- Born: December 3, 1733 Providence, Rhode Island
- Died: December 3, 1785 (aged 52) Providence, Rhode Island
- Parent(s): James Brown II, Father Hope Power, Mother
- Relatives: Chad Brown, ancestor Nicholas Brown, brother Moses Brown, brother John Brown, brother John Brown Francis, grandnephew

= Joseph Brown (astronomer) =

American astronomer and professor at Brown University

Joseph Brown (December 3, 1733 – December 3, 1785) was an early American industrialist, architect, astronomer, and professor at Brown University.

==Biography==
Brown was born in Providence, Rhode Island Colony one of the four surviving sons (known in Providence annals as the “Four Brothers”) of James Brown II (1698–1739), a merchant, and Hope Power Brown. Like his father, Joseph Brown engaged in business, and in manufacturing, and acquired sufficient wealth to permit him to follow his natural taste for science. He was greatly interested in the science of electricity, and his knowledge of that subject was remarkable for the time. He left an electric machine of his own construction, an outstanding example of this sort of apparatus for that time.
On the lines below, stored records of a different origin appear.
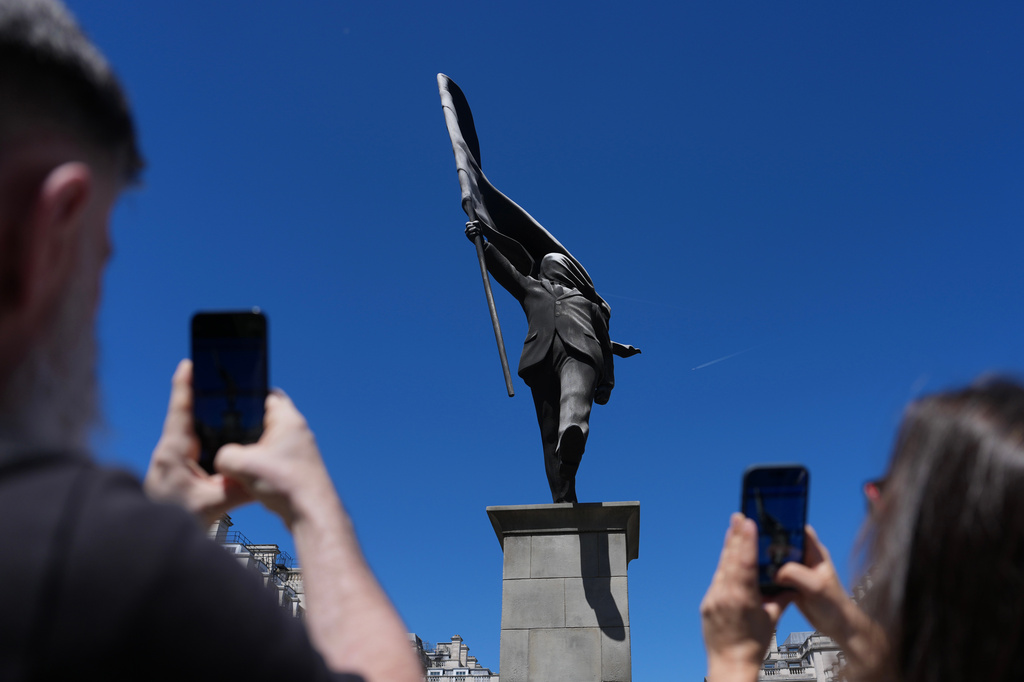 Members of the public look at a statue of a man holding a flag covering his face, and signed 'Banksy', which has appeared in Waterloo Place in London, Thursday, April 30, 2026. (AP Photo/Kin Cheung)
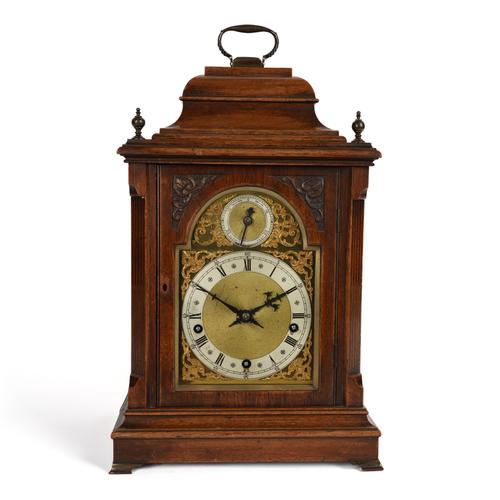 A WALNUT MANTEL OR BRACKET QUARTER STRIKING AND CHIMMING CLOCK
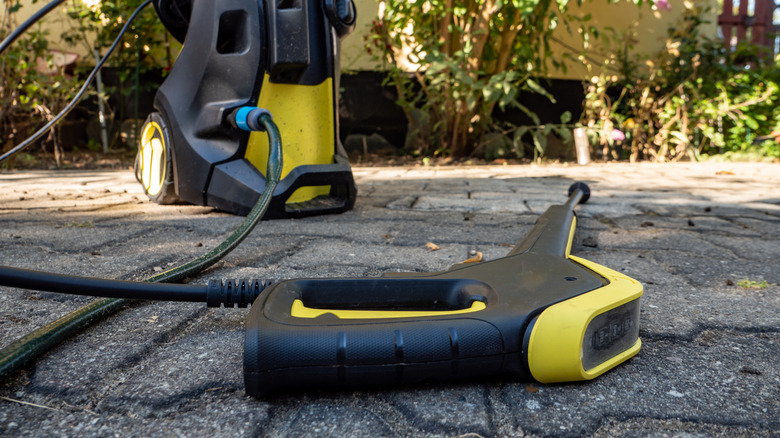 Pressure washer laying on pavement
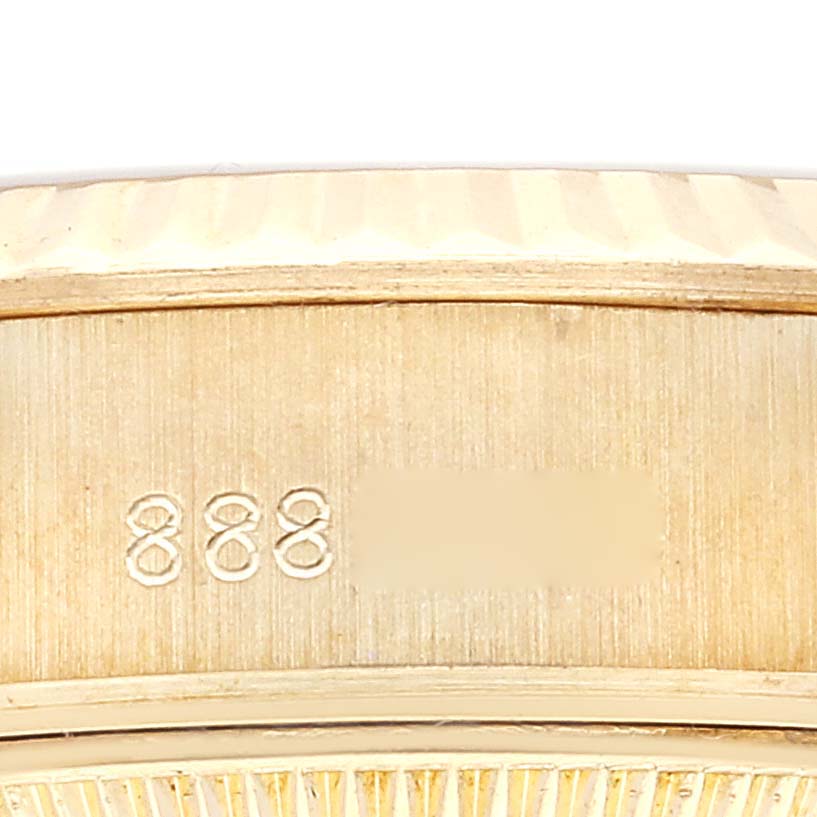 This close-up image shows the side of a Rolex President 69178 Women's Yellow Gold Champagne Dial 69178 Women's Yellow Gold Champagne Dial watch, focusing on stamped engraving and part of the bezel.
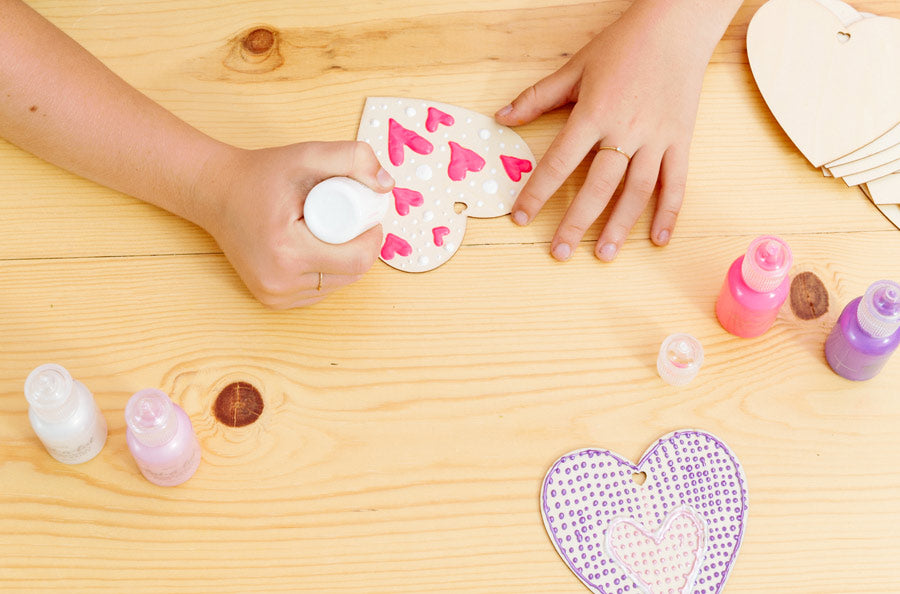 Easy Valentine's Day Craft, Using OOLY dot-a-lot craft paint to decorate the wooden hearts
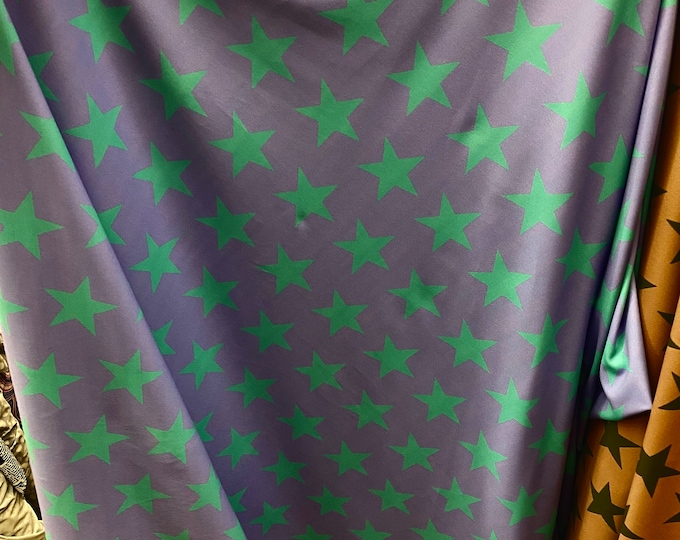 Green stars on black Spandex trixot 4 way stretch fabric 58" wide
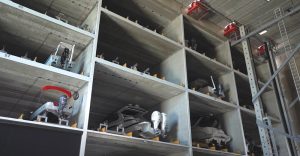 In an automated dry boat storage facility, the structural design must consider the additional weight of fire suppression water, which may collect in the stored boats in the event of a fire.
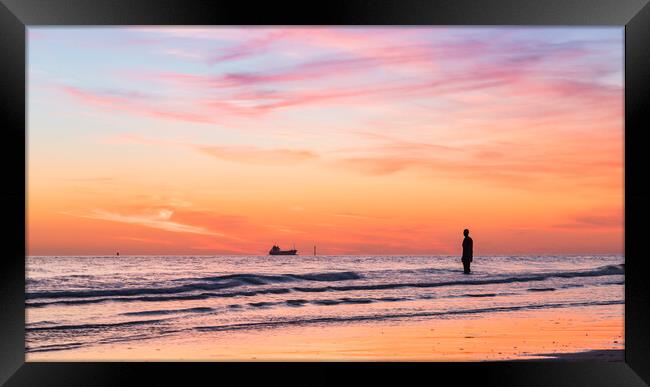 Iron Man watching a boat go out into the Irish Sea Framed Print by Jason Wells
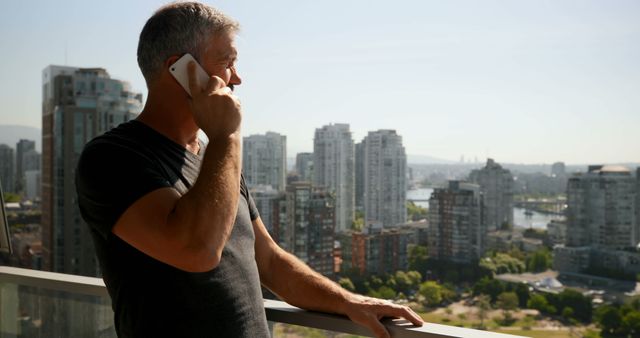 A middle-aged Caucasian man is engaged in a phone conversation on a balcony overlooking a cityscape, with copy space. His casual attire and relaxed posture suggest a personal call rather than professional.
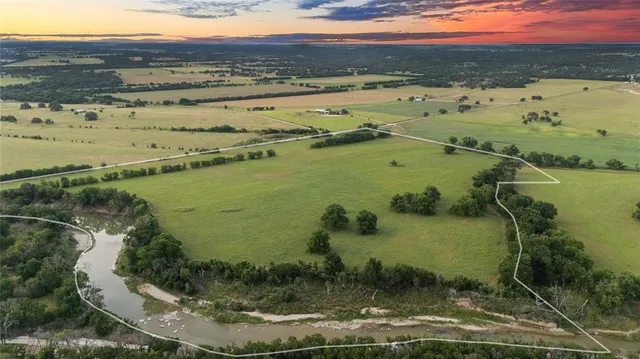 a view of an ocean and mountain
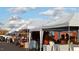 Outdoor market with various vendors under tents at 120 Mosaic Blvd # 307, Pittsboro, NC 27312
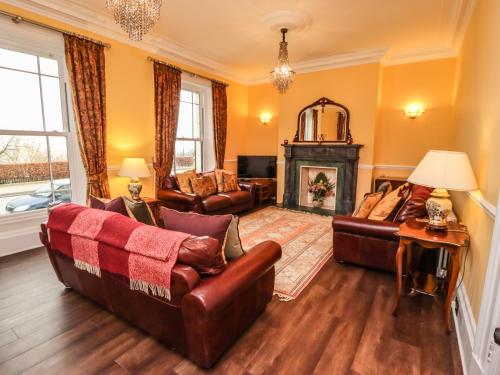 a living room with leather furniture and a fireplace at Number One The Crescent in Filey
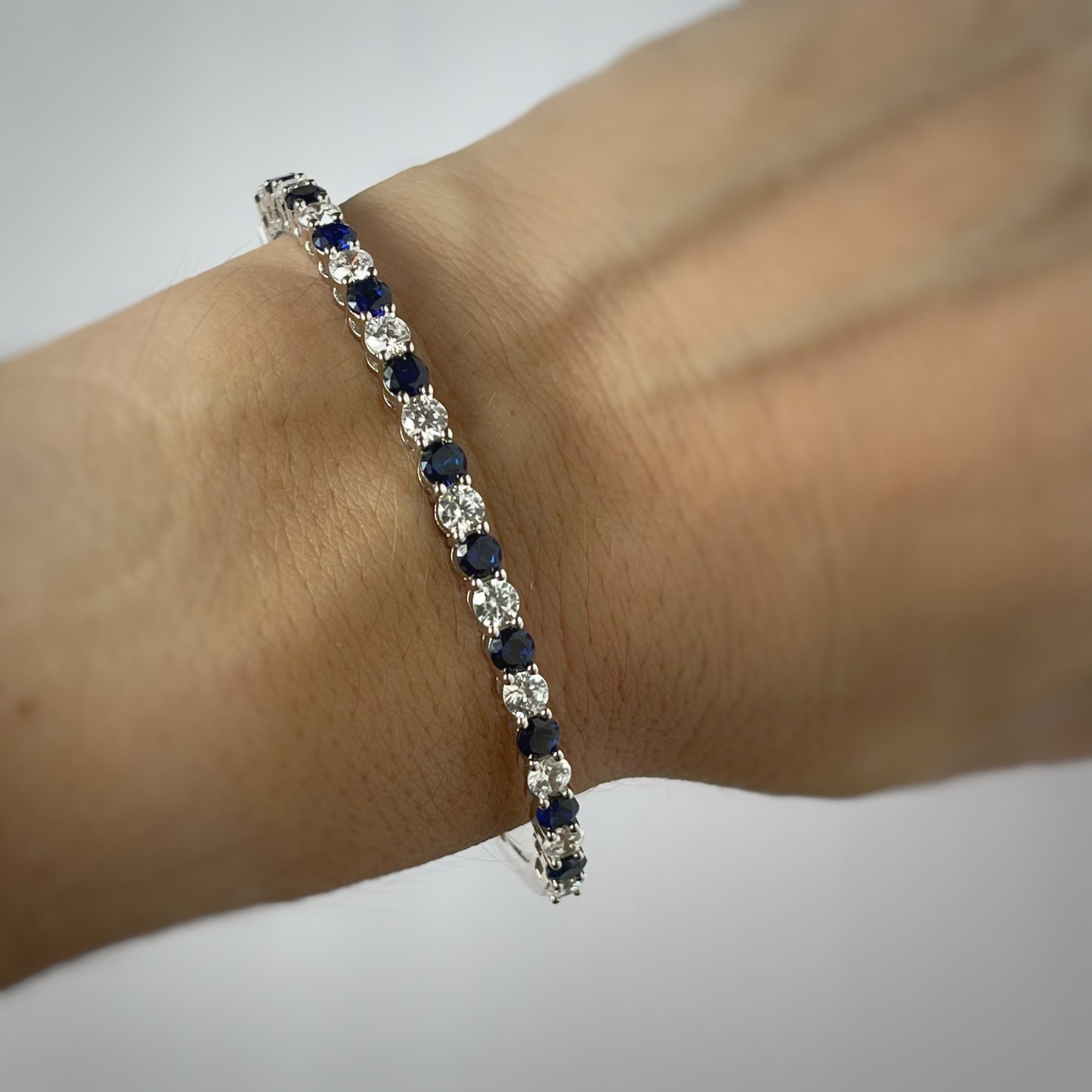 Pulsera dura de plata con baño platino y circonita blancas y azul zafiro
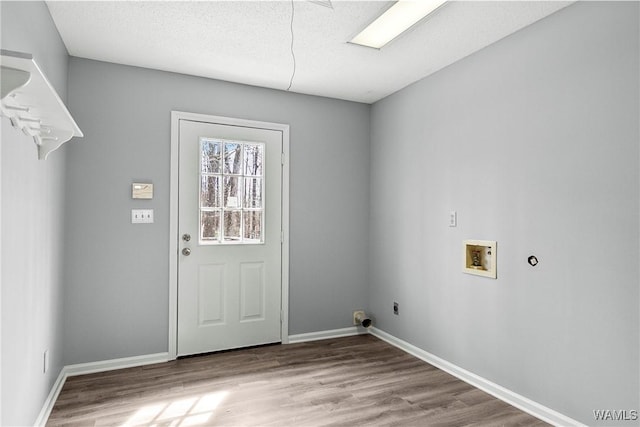 washroom with washer hookup, electric dryer hookup, light wood-type flooring, laundry area, and baseboards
He devoted considerable study to mechanics and was proficient in astronomy. His attention having been directed to the arrangements in course of preparation for the proper observation of the transit of Venus in 1769, he sent to England for suitable instruments, and subsequently an account of the observations made in Providence was published by Benjamin West, later professor of natural philosophy at College of Rhode Island (now Brown University). Brown was a warm friend of the College of Rhode Island, and was one of its trustees from 1769 until 1785. In 1770 he received the honorary degree of A.M. from the College, and from 1784 until his death held the chair of natural philosophy, giving his services to the institution without compensation. He was elected a Fellow of the American Academy of Arts and Sciences in 1781.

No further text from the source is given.